Empty Patriot launchers don't win wars. Right now, Ukraine is staring down a brutal reality where its most advanced air defense systems are sitting ducks because they simply lack the missiles to lock and load. It's a logistical nightmare that forced Ukrainian President Volodymyr Zelensky to write an unprecedented five-page plea addressed simultaneously to US President Donald Trump and the US Congress.
The letter, sent over Memorial Day weekend, lays bare a vulnerability that Kyiv usually tries to hide. When it comes to stopping ballistic missiles, Ukraine relies almost entirely on Washington. European promises are great, but European stockpiles don't have what it takes to stop Russian intermediate-range ballistic threats. Russia knows this, and Vladimir Putin is exploiting the gap.
If Trump wants to force Russia to the negotiating table, he has to fix this supply bottleneck first. A weak Ukraine won't bring Putin to the peace table; it will only encourage Moscow to push harder.
The Logistics Behind Zelensky's Urgent Appeal
Look at the numbers from the latest aerial onslaught. Russia unleashed a massive combined attack using 90 missiles and roughly 600 drones. Out of 30 ballistic missiles fired by Moscow—including two nuclear-capable Oreshnik intermediate-range ballistic missiles—Ukraine managed to bring down only 11. That's a devastatingly low interception rate for a country that has spent years perfecting its air defense network.
The issue isn't a lack of training or bad radar tracking. It's a math problem. Ukraine is literally running out of Patriot Advanced Capability-3 (PAC-3) interceptors.
Kyiv has been trying to navigate around direct US funding by using a procurement channel called the Prioritized Ukraine Requirements List (PURL). Under this setup, European allies put up the money to buy American-made interceptors on Ukraine's behalf. It sounds like a great workaround on paper. In practice, it's failing. Zelensky explicitly warned in his letter that the pace of deliveries through the PURL program is no longer keeping up with the reality on the ground.
How The Middle East Crisis Starved Ukraine's Grid
You can't look at Ukraine's empty launchers without looking at the rest of the world. The ongoing US conflict involving Iran has completely shifted the logistics landscape for American defense manufacturing.
When regional tensions flare in the Middle East, US forces and regional allies consume massive quantities of interceptors to protect naval assets and local bases. Lockheed Martin and Raytheon can only spin up production lines so fast. Because the White House is prioritizing those active threats, European buyers shopping for Ukraine via PURL are being pushed to the back of the line.

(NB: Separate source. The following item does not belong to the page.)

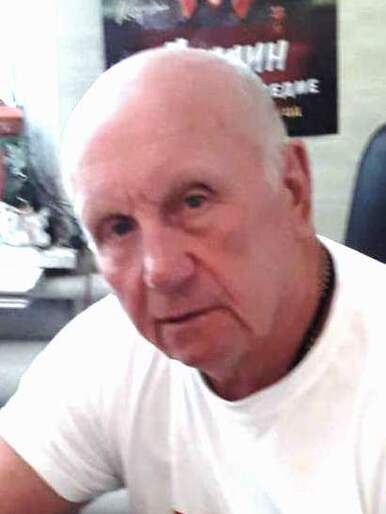 Фото спортсмена Скороходов Евгений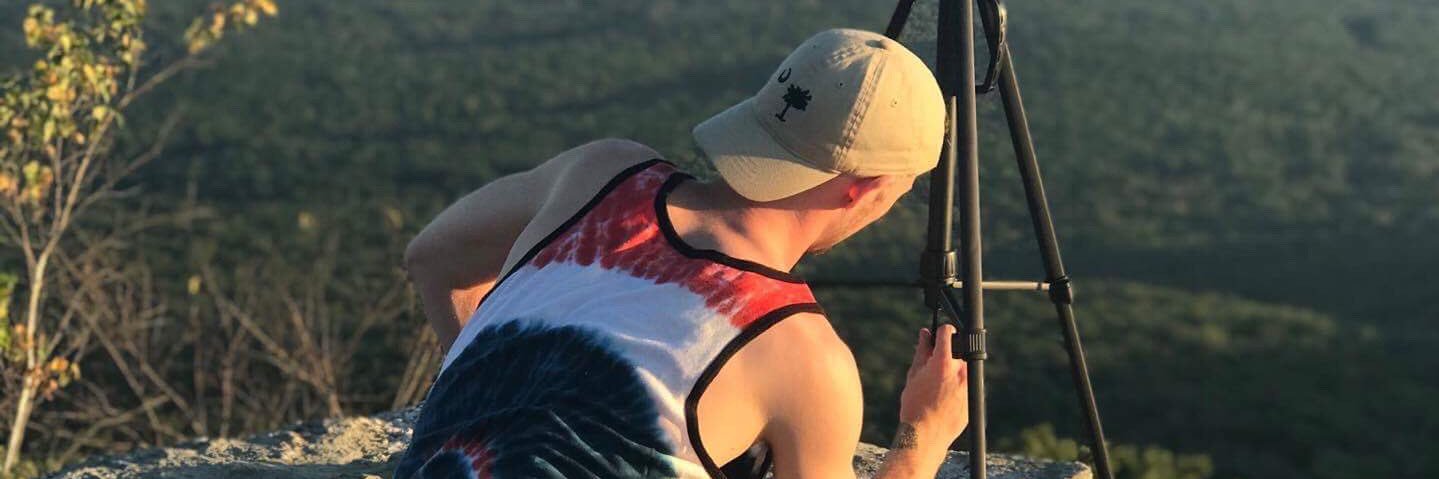 NoelSantoro's profile banner image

A senior Ukrainian presidential official admitted that finding available ammunition on the global market has become incredibly complicated. The interceptors are going to the Gulf, leaving Eastern Europe to scrape by on whatever remains.
What Russia's Oreshnik Missiles Change
Putin is playing a psychological game alongside his conventional bombing campaign. Utilizing the Oreshnik missile system is a direct message to both Kyiv and Washington. One of these missiles recently struck the Kyiv region, while another impacted occupied territory in Donetsk.
These aren't standard cruise missiles that can be shot down by mobile anti-aircraft teams using shoulder-fired weapons. They require high-tier, specialized kinetic interception. Without a steady stream of PAC-3 missiles, major cities like Kyiv are left exposed to catastrophic infrastructure damage. The recent destruction of the Chornobyl Museum during the latest barrages is a stark reminder of what gets lost when defenses fail.
Why Leverage Demands Better Air Defense
The Trump administration has been open about wanting a quick diplomatic resolution to this war. But diplomacy requires leverage. Zelensky's letter argues a point that Washington policymakers need to consider carefully: ballistic missiles are Putin's last major conventional advantage.
If Russia believes its missile stockpile can systematically dismantle Ukraine's energy grid and urban centers without opposition, Putin has zero incentive to negotiate in good faith. Ensuring Ukraine has a loaded, functional missile shield is the only way to convince Moscow that continuing the war is a losing proposition.
Moving Past The Bottleneck
If you look at how this supply chain is managed, the fix requires direct presidential intervention from the White House to prioritize Ukraine's existing orders.
- Reroute active production lines: The US must temporarily adjust delivery schedules for foreign military sales, ensuring a baseline percentage of monthly PAC-3 production goes directly to plugging the gaps in Ukraine.
- Streamline the PURL mechanism: Washington needs to cut through the bureaucratic red tape holding up European-financed purchases, treating these orders with the same urgency as direct US military aid.
- Deploy temporary regional assets: Until production catches up with global demand, NATO allies should consider rotating additional air defense assets closer to Ukraine's western borders to free up Kyiv's internal systems for frontline defense.
The current approach of relying on slow-moving European procurement funds for American hardware is failing the reality test. If the goal is a stable negotiation, the US must ensure that Ukraine's skies are secure before the talks even begin. Empty launchers won't bring peace; they will only guarantee more arrivals.